[EXERCISE INPUTS]
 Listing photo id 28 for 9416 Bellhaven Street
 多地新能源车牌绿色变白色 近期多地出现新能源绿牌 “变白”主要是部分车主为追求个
[/EXERCISE INPUTS]
[EXERCISE INPUTS]
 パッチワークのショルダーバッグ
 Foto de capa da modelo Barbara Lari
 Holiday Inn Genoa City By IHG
[/EXERCISE INPUTS]
[GOAL OF THE EXERCISE]
Look through the entries above and quote exactly the lines from the line with "パッチワークのショルダーバッグ" to the line with "Holiday Inn Genoa City By IHG", counting both of those lines.

[RESPONSE]
 パッチワークのショルダーバッグ
 Foto de capa da modelo Barbara Lari
 Holiday Inn Genoa City By IHG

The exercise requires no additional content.